## YOUR TASK
Would you please return the lines of the entries below starting at the line that has "Image result for" and ending at the line that has "Išskirtinės kainos SANTEGRA", both included, exactly as they are?

## DATA SECTION
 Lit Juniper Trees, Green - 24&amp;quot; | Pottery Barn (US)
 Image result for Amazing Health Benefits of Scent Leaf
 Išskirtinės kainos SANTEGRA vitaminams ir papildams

...

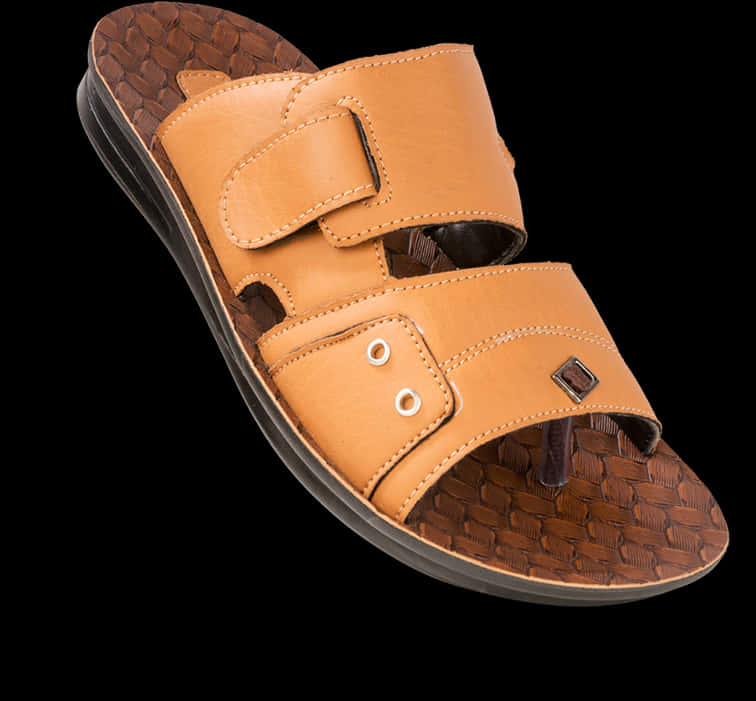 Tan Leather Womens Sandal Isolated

## YOUR SOLUTION
 Image result for Amazing Health Benefits of Scent Leaf
 Išskirtinės kainos SANTEGRA vitaminams ir papildams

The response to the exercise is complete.